Leaving out any pictures, transcribe every record exactly.
■ ■ ■ ■ ■ ■ ■
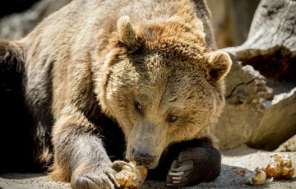 الجيش الياباني ينتشر لحماية المدن بعد هجمات شنتها &quot;الدببة&quot;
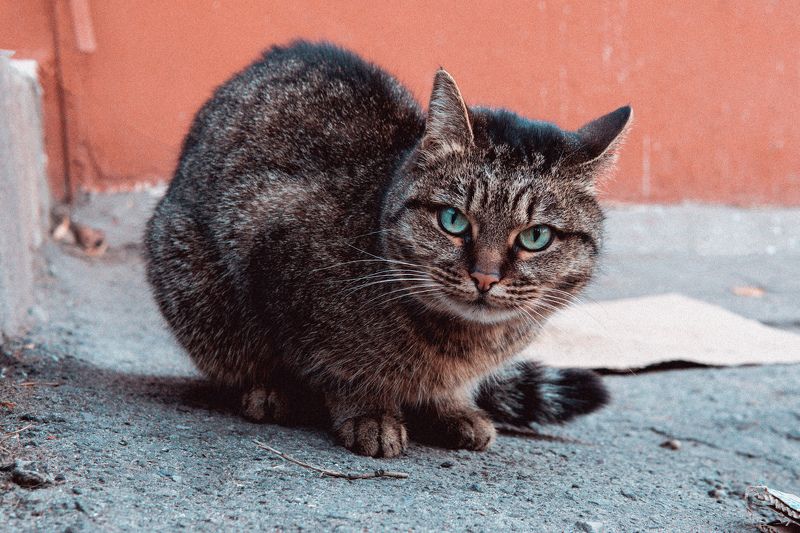 Кот фото превью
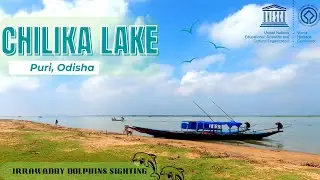 Chilika Lake | Irrawaddy Dolphins | Boating in the Second Largest Lake in India | Walk Another Mile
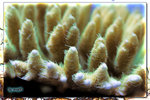 PNG0220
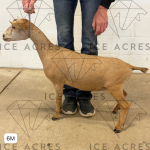 ICE ACRES A MANISCHEWITZ 6M 7.15.25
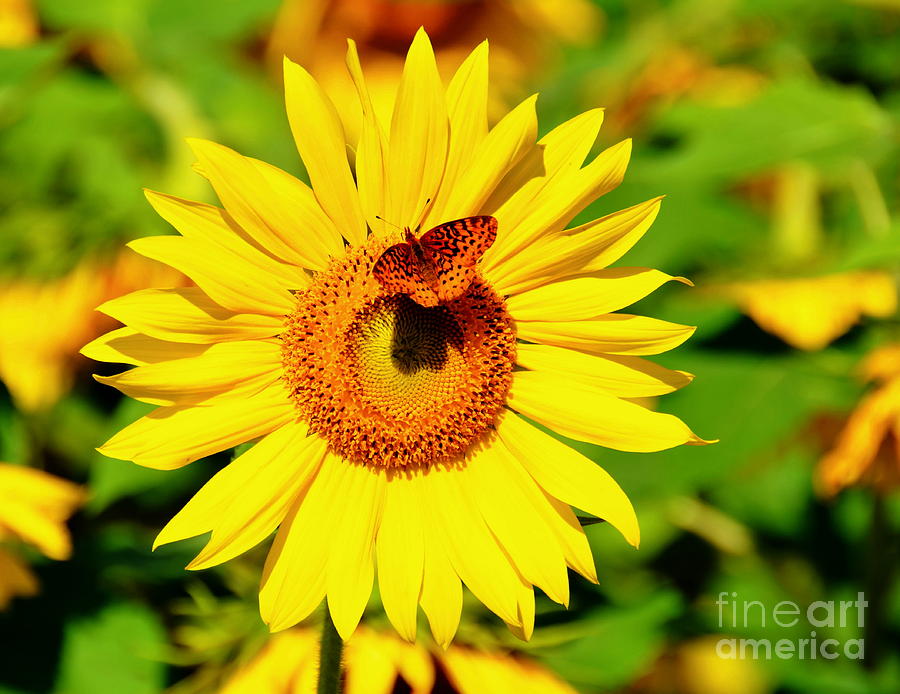 sunflower-and-butterfly-debbi-granruth.jpg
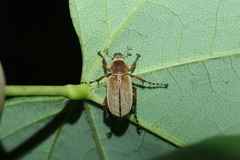 Macrodactylus angustatus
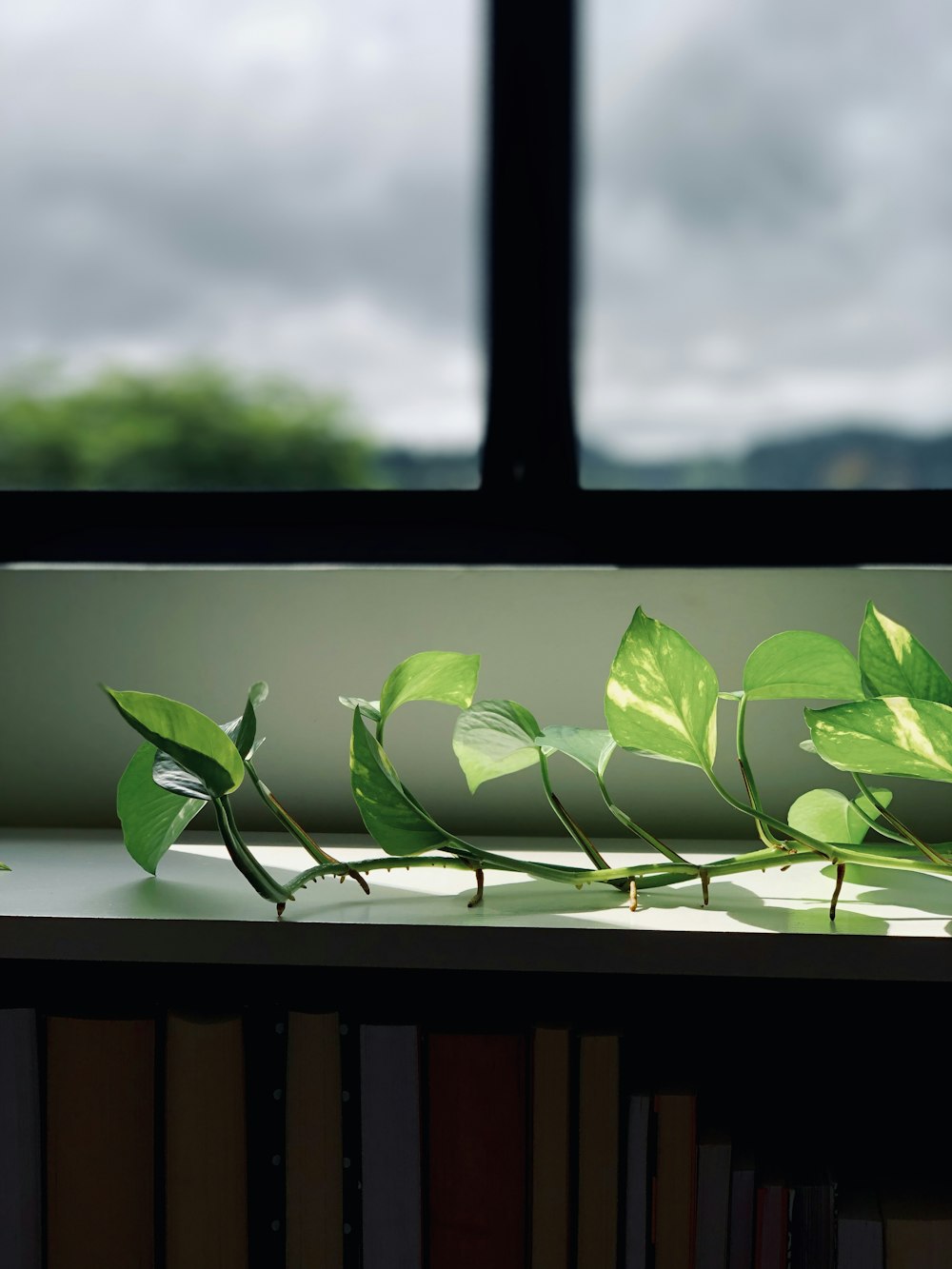 un alféizar de la ventana con una planta que crece fuera de él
■ ■ ■ ■ ■ ■ ■
● **ANSWER BOX**:
 الجيش الياباني ينتشر لحماية المدن بعد هجمات شنتها &quot;الدببة&quot;
 Кот фото превью
 Chilika Lake | Irrawaddy Dolphins | Boating in the Second Largest Lake in India | Walk Another Mile
 PNG0220
 ICE ACRES A MANISCHEWITZ 6M 7.15.25
 sunflower-and-butterfly-debbi-granruth.jpg
 Macrodactylus angustatus
 un alféizar de la ventana con una planta que crece fuera de él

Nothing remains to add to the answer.